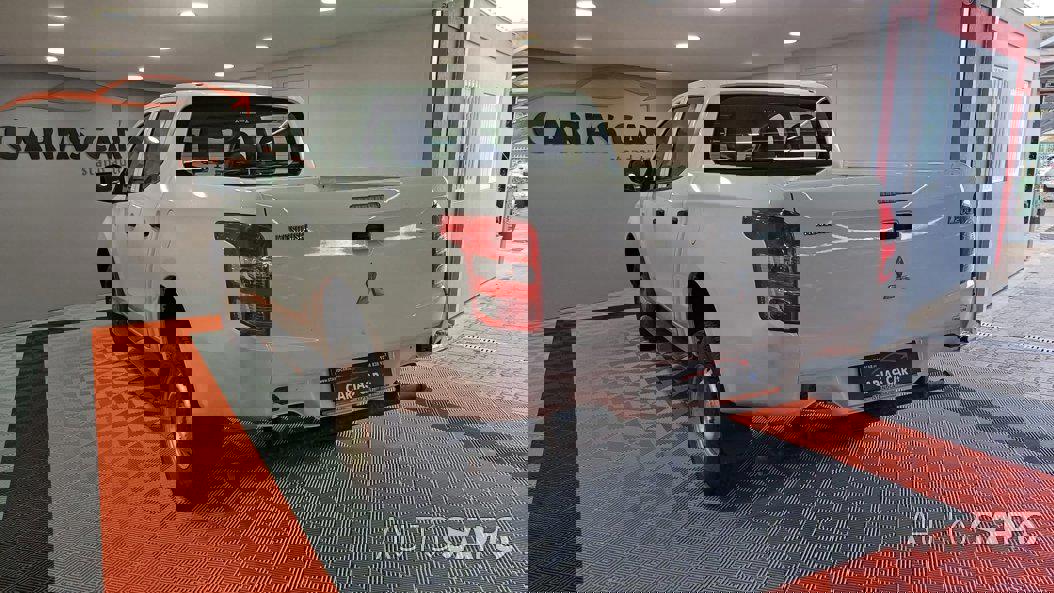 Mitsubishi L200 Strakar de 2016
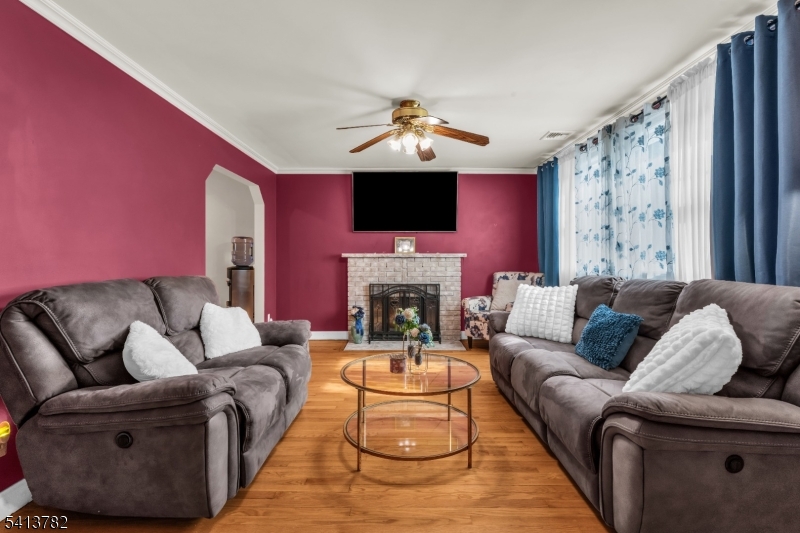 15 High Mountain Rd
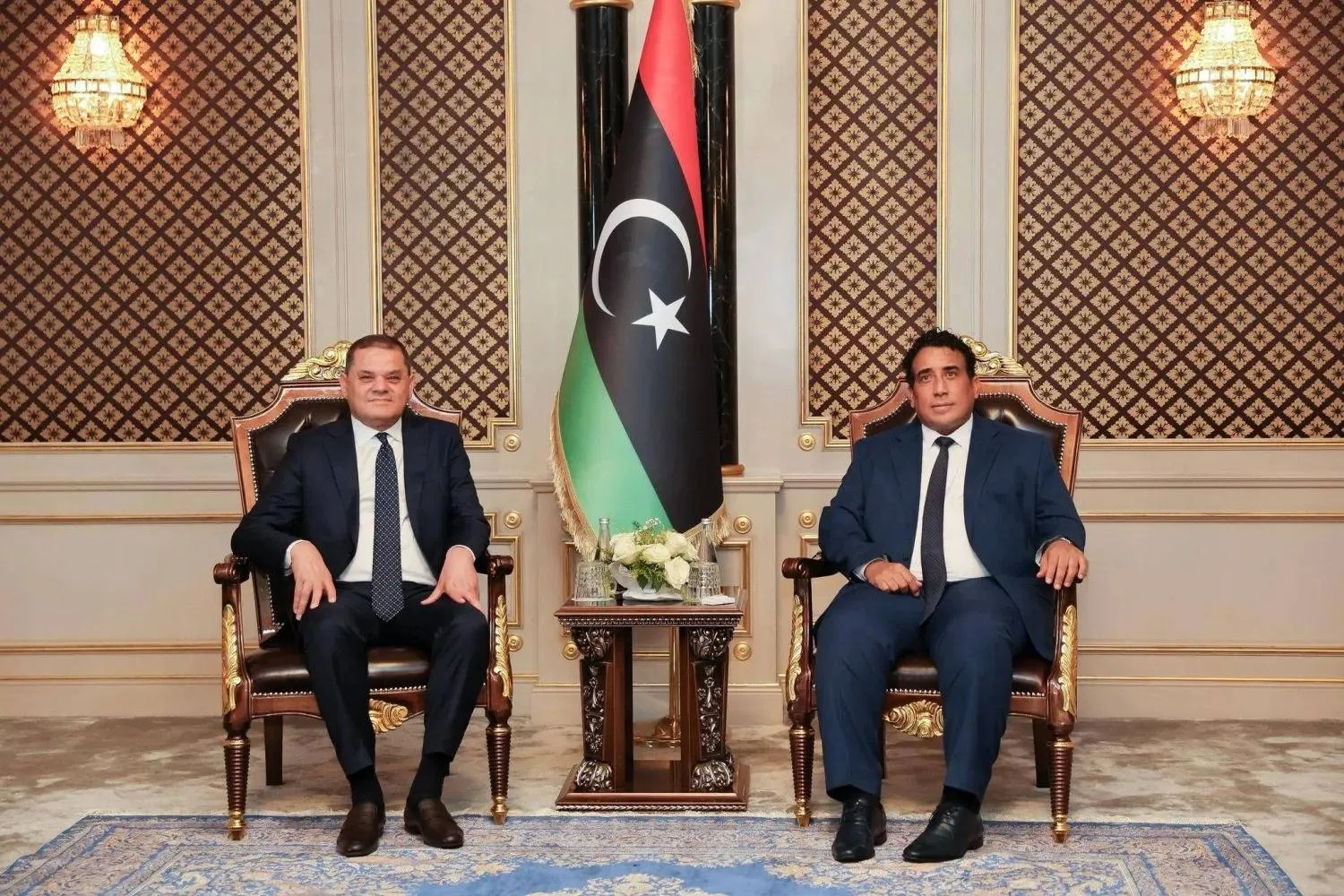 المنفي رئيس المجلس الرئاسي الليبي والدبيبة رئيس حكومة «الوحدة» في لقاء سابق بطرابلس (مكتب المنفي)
==
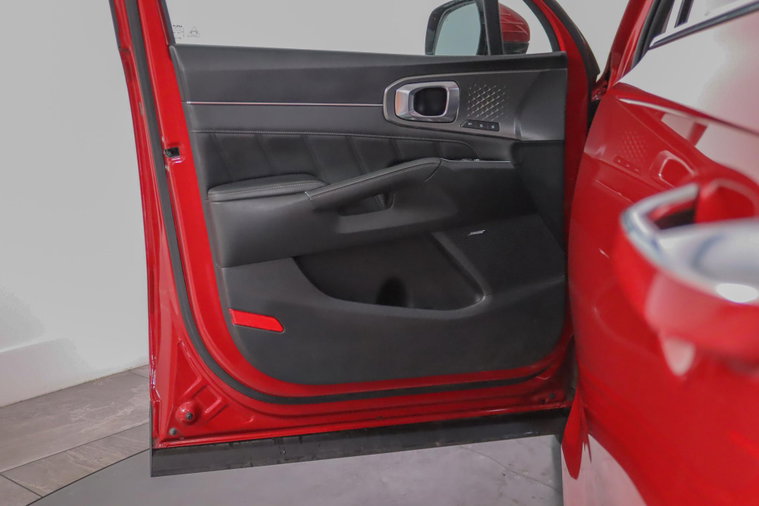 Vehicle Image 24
==
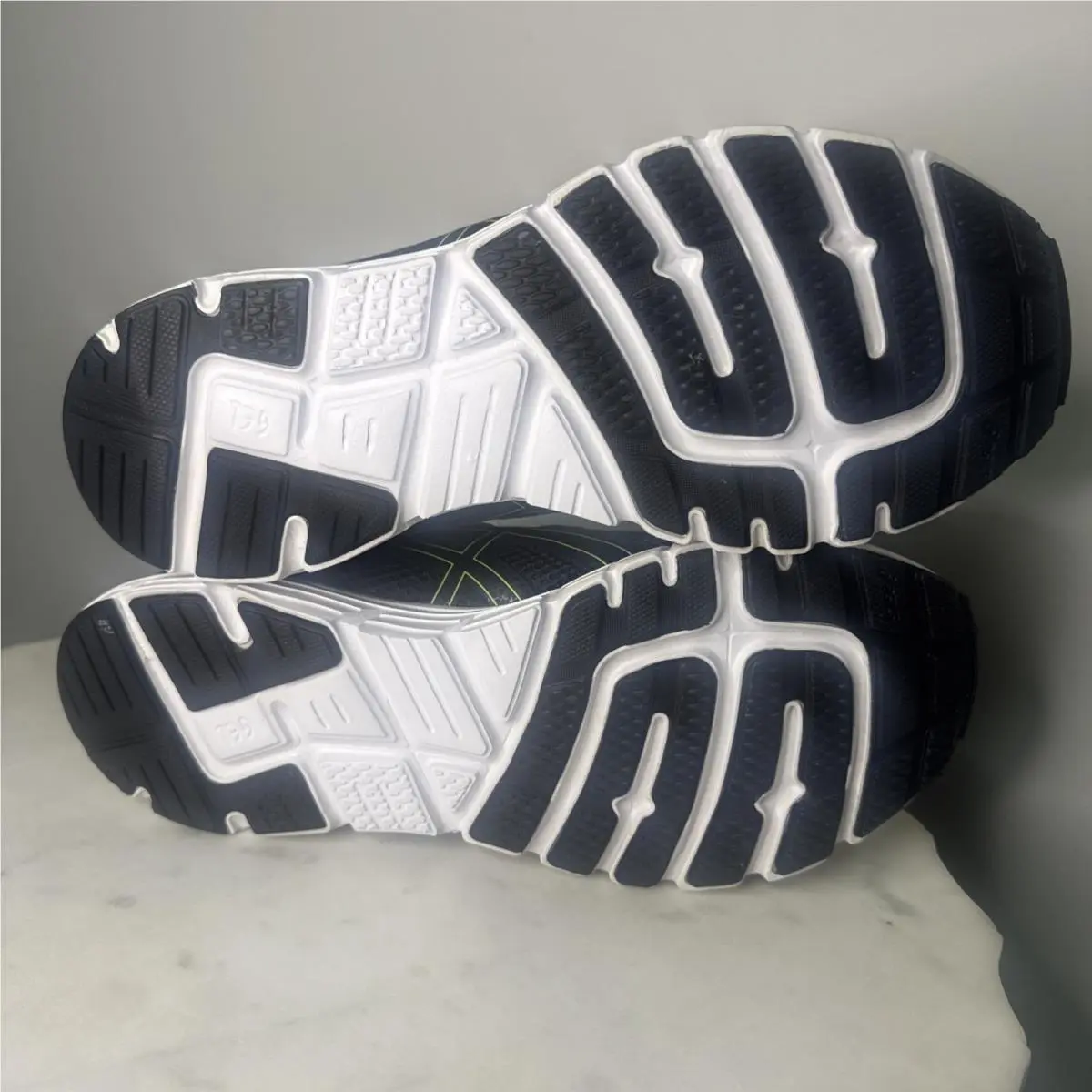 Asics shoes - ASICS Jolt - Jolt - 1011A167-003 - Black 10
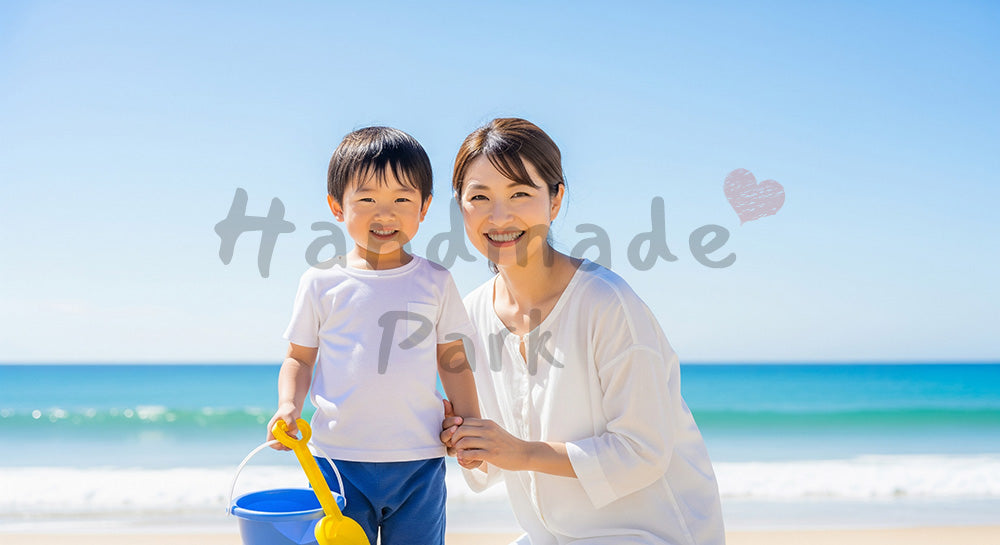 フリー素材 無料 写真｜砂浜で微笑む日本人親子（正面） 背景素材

→ **Work item**: Each line between the one holding "Mitsubishi L200 Strakar de 2016" and the one holding "المنفي رئيس المجلس", inclusive, should be copied exactly as it appears above, and pictures should be omitted.

→ **Output of the exercise**:
 Mitsubishi L200 Strakar de 2016
 15 High Mountain Rd
 المنفي رئيس المجلس الرئاسي الليبي والدبيبة رئيس حكومة «الوحدة» في لقاء سابق بطرابلس (مكتب المنفي)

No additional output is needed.